A. Ocupação de terras rurais

39. Os movimentos como o “Movimento dos Trabalhadores Rurais Sem Terra” (MST) surgiram em resposta à extrema concentração de terra em grandes propriedades rurais (latifúndios), à prática da grilagem, e ao processo de modernização e liberalização da agricultura que obriga os agricultores a deixarem suas terras. Cerca de 1 por cento dos proprietários de terras detêm 45 por cento de toda a terra. Uma estimativa de 5 milhões de famílias não têm acesso à terra, enquanto outros 5 milhões de propriedades rurais são extremamente pequenas. Simultaneamente, de acordo com o INCRA (Instituto Nacional de Colonização e Reforma Agrária), existem aproximadamente 100 milhões de hectares de terras não cultivada no país. Outras 55.000 propriedades rurais são classificadas como improdutivas, totalizando 120 milhões de hectares.

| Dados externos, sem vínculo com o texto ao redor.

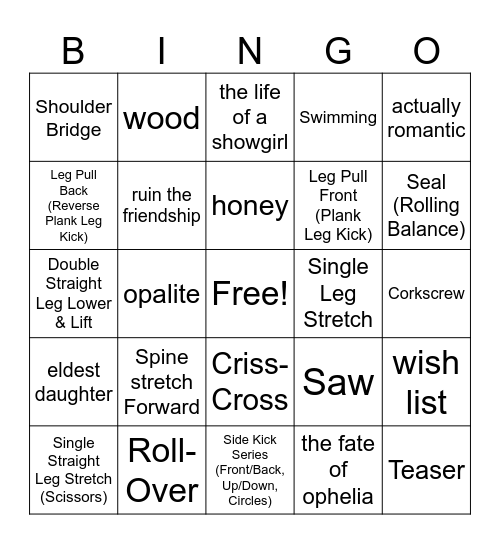 The Life of a Showgirl BINGO Card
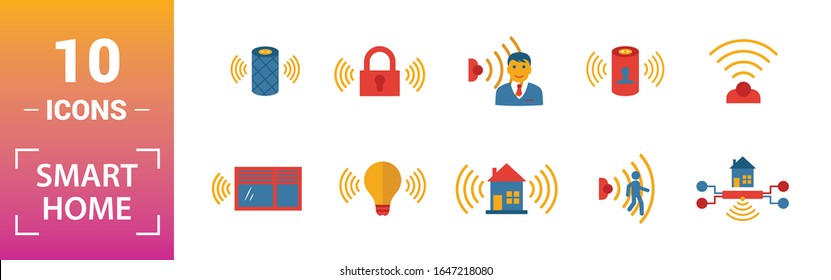 Smart Home icon set. Include creative elements digital assistant, robot vacuum cleaner, smart video control, smart light, home hub icons. Can be used for report, presentation, diagram, web design.
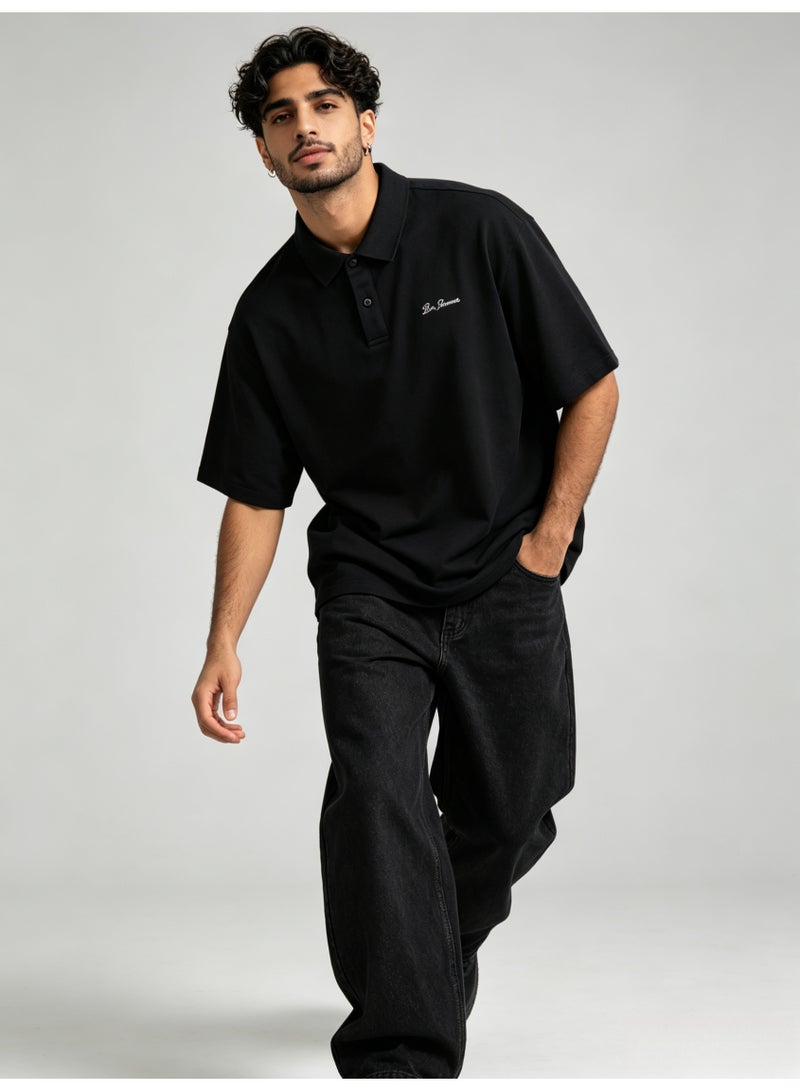 بين شيرمان Ben Sherman Men’s Oversized Black Embroidered Short Sleeve Polo Shirt - Image 4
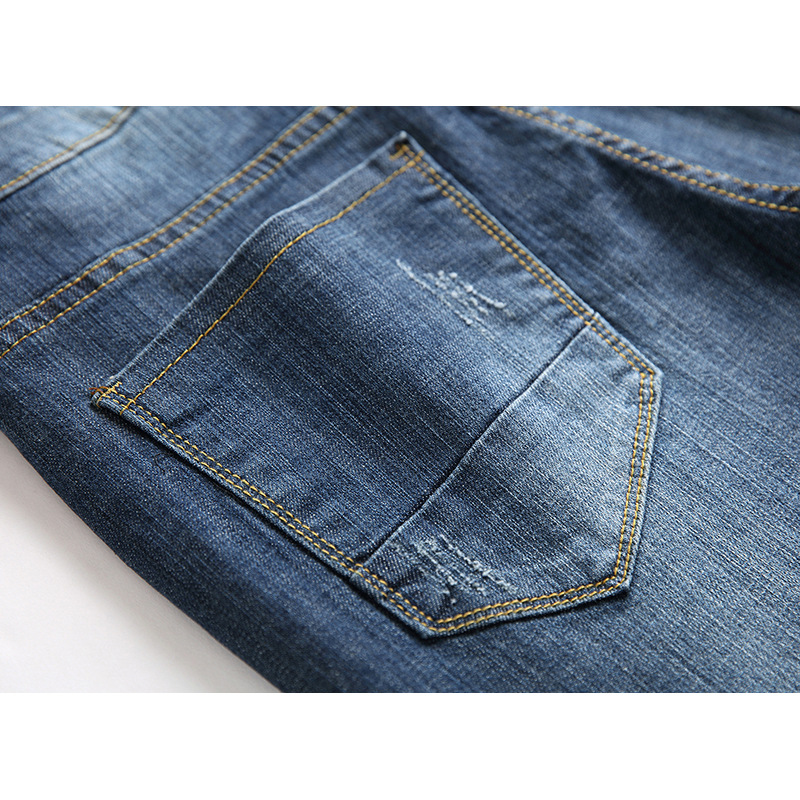 Neue Distressed-Jeans für Herren, modische und lässige elastische Jeanshose mit geradem Bein_voghion.com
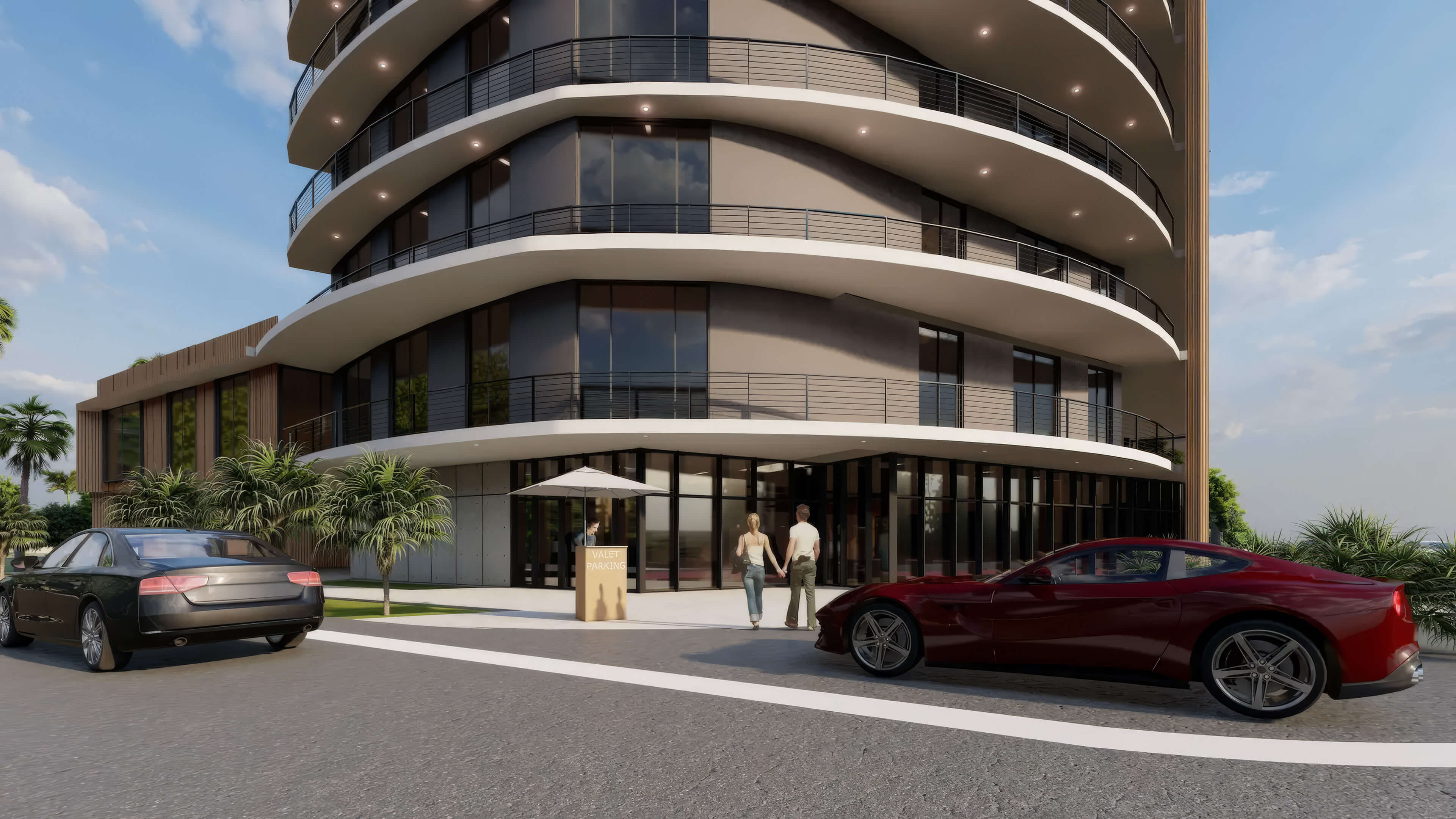 Valet parking entrance at Canal by IQ with luxury cars and modern residential architecture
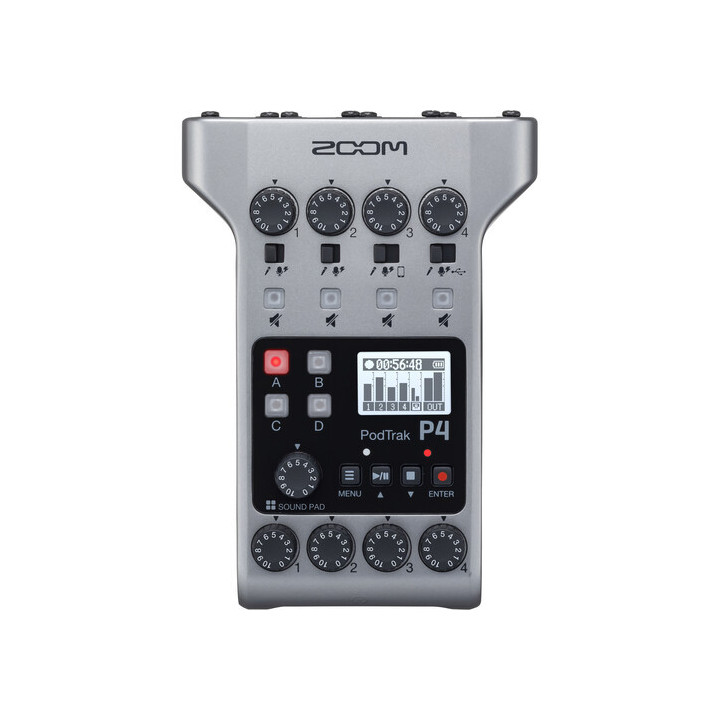 Zoom PodTrak P4 - Portable Multitrack Podcast Recorder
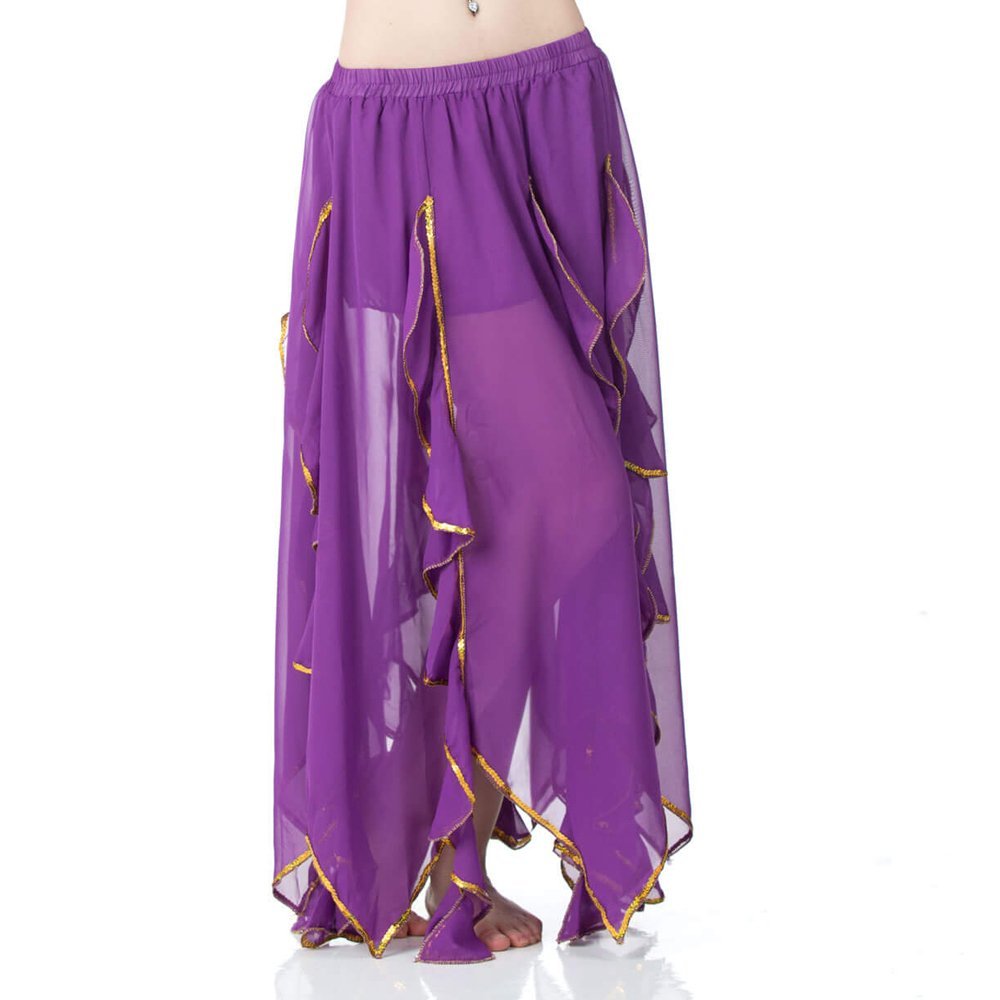 Danzcue Adult Belly Side Split Chiffon Skirt - Click Image to Close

40. Os agricultores que perderam suas terras, lares e meios de sobrevivência deram início ao “movimento dos sem-terra” em 1979 como uma forma de defenderem seus direitos. O movimento difundiu-se em todo o país e, quase sempre com o apoio da Igreja Católica, iniciou ocupações para reivindicar terra. O movimento cresceu e em 1984, o MST foi formalmente criado para defender a reforma agrária e uma mudança estrutural ampla, incluindo um melhor bem-estar social, emprego, serviços de saúde e educação, e a promoção de formas de produção cooperativa.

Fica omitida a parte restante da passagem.